*WHAT YOU WILL DO*:
From the material below, please set down exactly the lines starting with the one with "La Dame de fer: Margaret" and going on through the one with "Bosch, 610 m³/h, width", without a single picture.

━━ SUPPLIED DATA

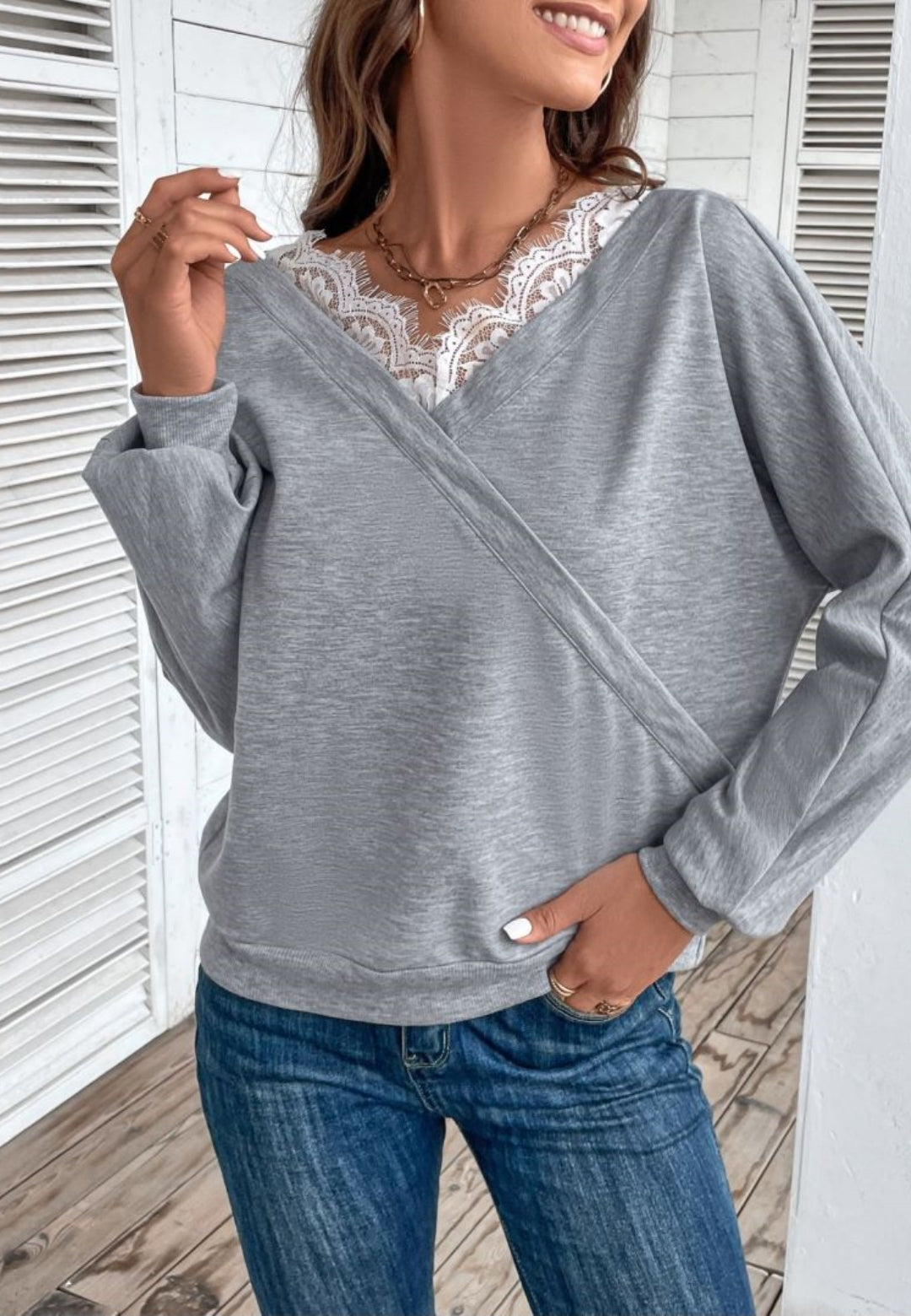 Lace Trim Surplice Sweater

━━━━
━━ SUPPLIED DATA

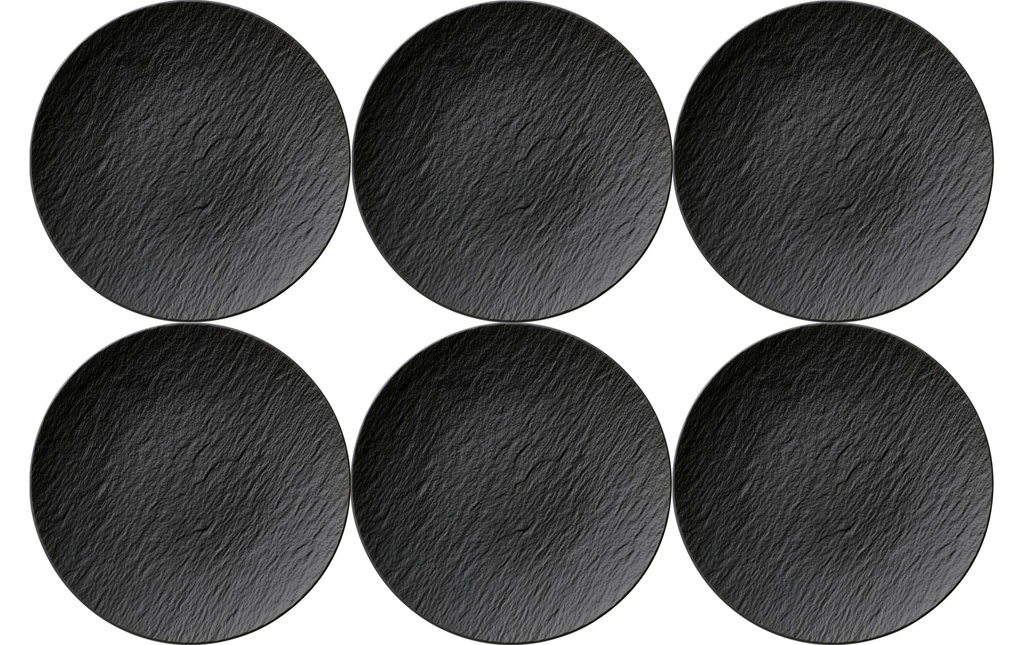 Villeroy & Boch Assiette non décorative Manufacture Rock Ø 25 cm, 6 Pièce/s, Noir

━━━━
━━ SUPPLIED DATA

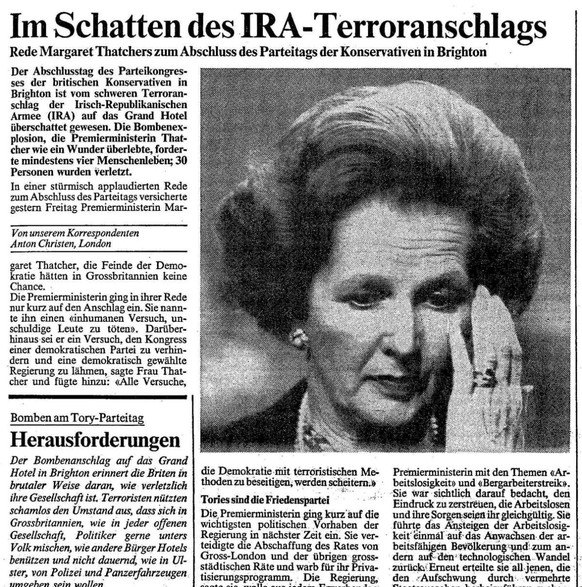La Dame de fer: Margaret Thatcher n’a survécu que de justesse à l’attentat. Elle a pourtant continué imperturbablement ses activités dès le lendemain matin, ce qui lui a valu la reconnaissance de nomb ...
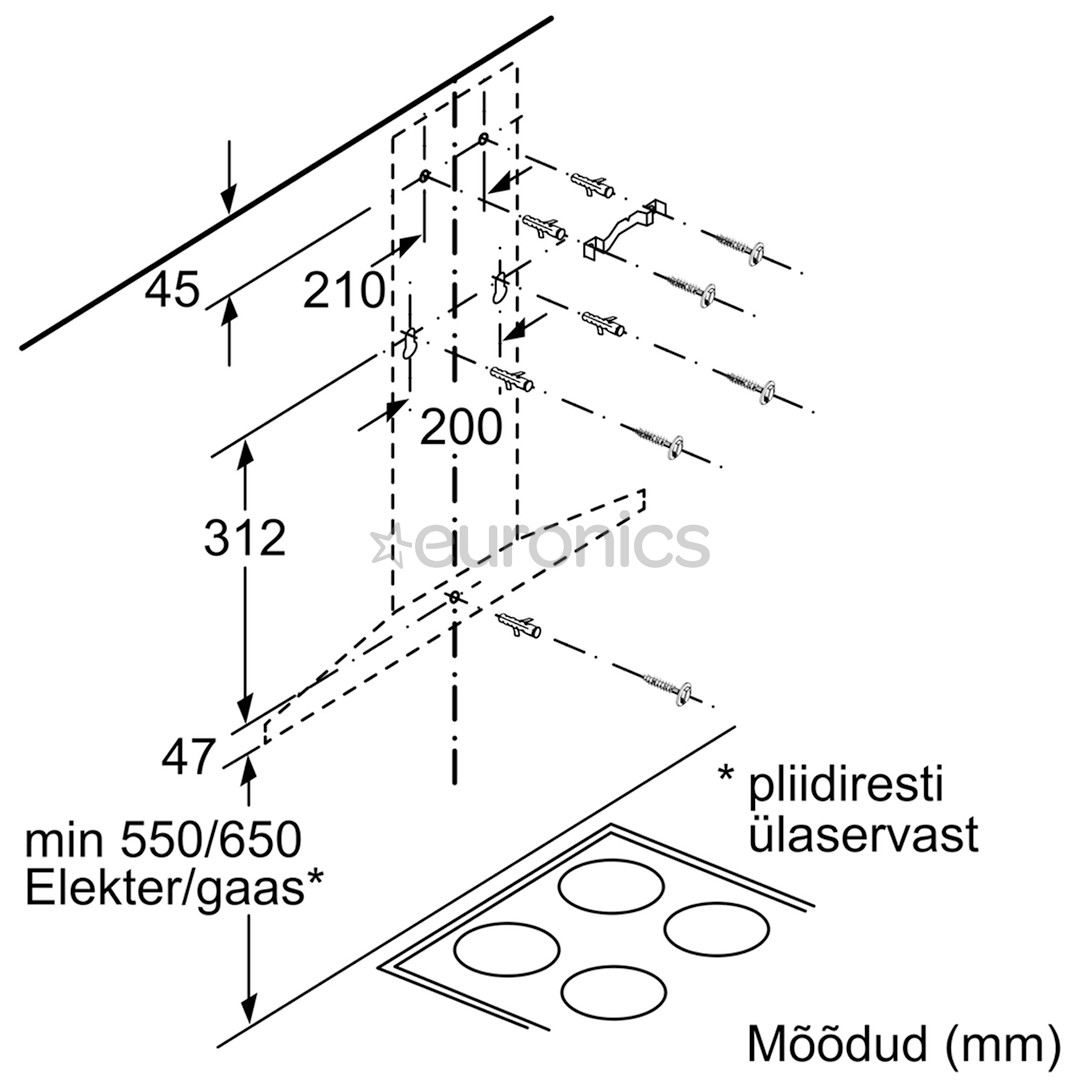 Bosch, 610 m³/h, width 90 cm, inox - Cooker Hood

━━━━

*RESPONSE AREA*:
La Dame de fer: Margaret Thatcher n’a survécu que de justesse à l’attentat. Elle a pourtant continué imperturbablement ses activités dès le lendemain matin, ce qui lui a valu la reconnaissance de nomb ...
 Bosch, 610 m³/h, width 90 cm, inox - Cooker Hood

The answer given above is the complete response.